Pulmonary Pathology I Case Studies


CASE 6: Coccidioidomycosis


Clinical History:

A 47-year-old migrant farm worker recently moved from Florida to Southern California. Three weeks after beginning work in the orchards near Fresno he presented to a local clinic with fever, cough, night sweats and pleuritic chest pain. A chest radiograph revealed segmental infiltrates, some hilar adenopathy and a small pleural effusion.
  1. What type of inflammatory process is present? Describe the features of this process.

    2. The process is granulomatous. The well-formed granulomas are formed by palisading epithelioid macrophages and chronic inflammatory cells with surrounding fibroblasts and collagen. The macrophages are large pink cells, oval to spindled, which line up around the center, and Langhans giant cells are also seen.

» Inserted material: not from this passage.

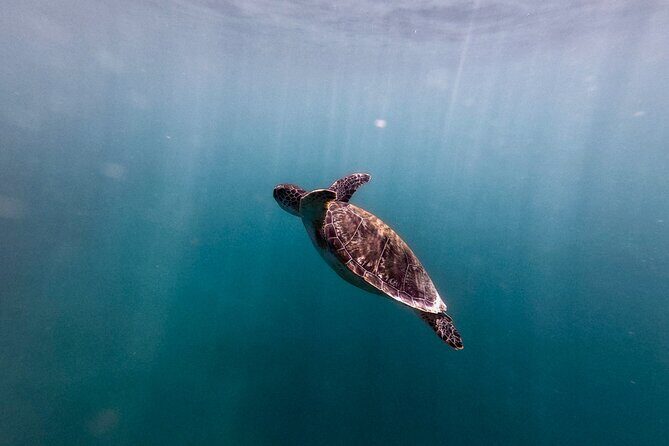 VIP San Juan: Snorkeling Tour with Turtles with Free Videos - Real-World Experiences from Reviews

  2. What is the differential diagnosis? Which of these is most likely given the history? What organism do you see?

    3. The differential diagnosis includes tuberculosis, which causes caseating granulomas, and the various fungal organisms that can cause pulmonary disease, including histoplasmosis, cryptococcosis, blastomycosis, coccidioidomycosis, and paracoccidioidomycosis. The organisms for each of these diseases has a fairly distinctive morphologic appearance on Gomori methenamine silver (GMS) staining, which highlights the walls of fungal organisms in black, on a green background. The historical findings and the morphology in this case are classic for coccidioidomycosis.

  3. How would the histopathology differ if the patient had underlying HIV infection with AIDS?

    4. If the patient were immunocompromised, particularly with AIDS, the histopathology of C. immitis infection may be less granulomatous and more suppurative (acute inflammatory cells.) because of reduced cell mediated immunity.

  4. What proportion of normal hosts exposed to this agent develop clinical symptomatology? What are the possible outcomes/sequelae?

    5. Only about 10% of the people exposed develop clinically evident disease. Of those, the vast majority resolve completely either spontaneously or with antifungal treatment. From 2 to 4% of infected persons may go on to develop systemic dissemination, with worsening pulmonary involvement and spread to skin, bones, CNS and other organs.

  5. What therapy is available?

    6. Primary pulmonary coccidioidomycosis usually resolves spontaneously. Resection of chronic progressive pulmonary lesions, particularly those limited to a single lobe of the lung, can aid pharmacologic therapy. Patients with very severe or protracted primary infection at risk for disseminated disease or chronic infection may require treatment with intravenous amphotericin B or itraconazole for several weeks. Patients with severe or rapidly progressing disseminated coccidioidomycosis are started on intravenous amphotericin B for 2 to 3 months, and those who improve may be placed on oral itraconazole or fluconazole therapy for long-term suppression, continued for years.